TASK ITEM >>
Locate the line containing "It looks lik" in the entries below, then retype it and every later line exactly, leaving out pictures.

Short web captions >>

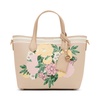Anne Klein Womens Bonded Mini Tote, Sesame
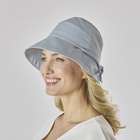 Chapeau d'été "Nele" avec protection UV bleu clair
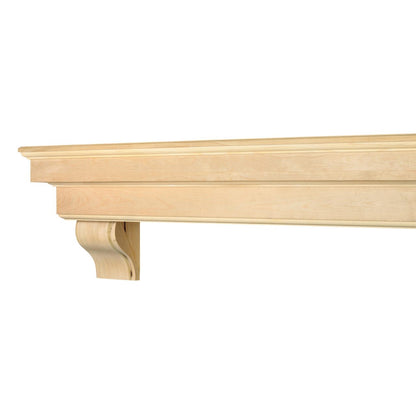 60" Auburn Unfinished Fireplace Shelf by Pearl Mantels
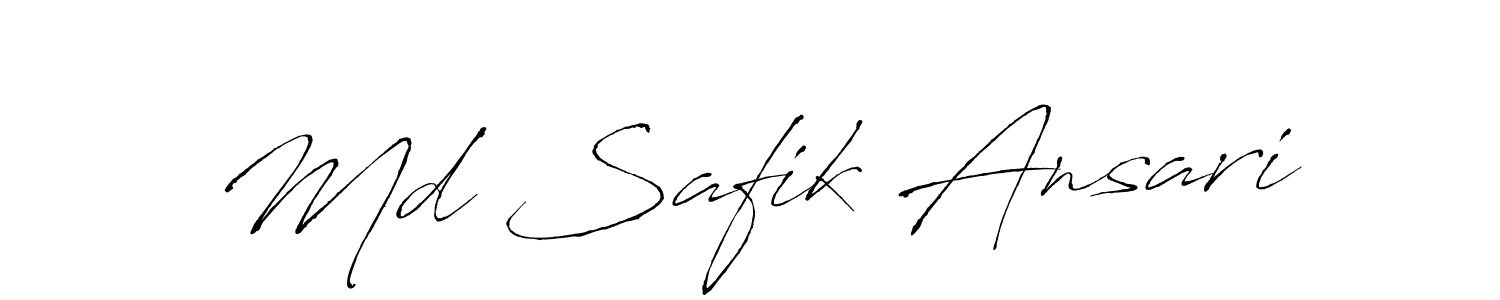 It looks lik you need a new signature style for name Md Safik Ansari. Design unique handwritten (Antro_Vectra) signature with our free signature maker in just a few clicks. Md Safik Ansari signature style 6 images and pictures png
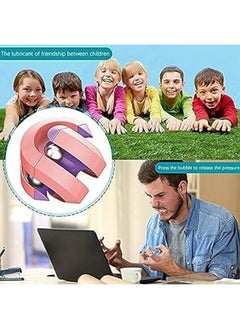 شيف سوفت مكعبات مسار الخرز الرخامي السحري من Shivsoft، متاهة فيدجيت، لغز الكرة والدبابيس المعدنية، لتخفيف التوتر الحسي للأطفال والكبار، دوارة، دوارة، كهدايا وألعاب إبداعية، صنع في الهند  - Image 4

THE COMPLETED TASK >>
 It looks lik you need a new signature style for name Md Safik Ansari. Design unique handwritten (Antro_Vectra) signature with our free signature maker in just a few clicks. Md Safik Ansari signature style 6 images and pictures png
 شيف سوفت مكعبات مسار الخرز الرخامي السحري من Shivsoft، متاهة فيدجيت، لغز الكرة والدبابيس المعدنية، لتخفيف التوتر الحسي للأطفال والكبار، دوارة، دوارة، كهدايا وألعاب إبداعية، صنع في الهند  - Image 4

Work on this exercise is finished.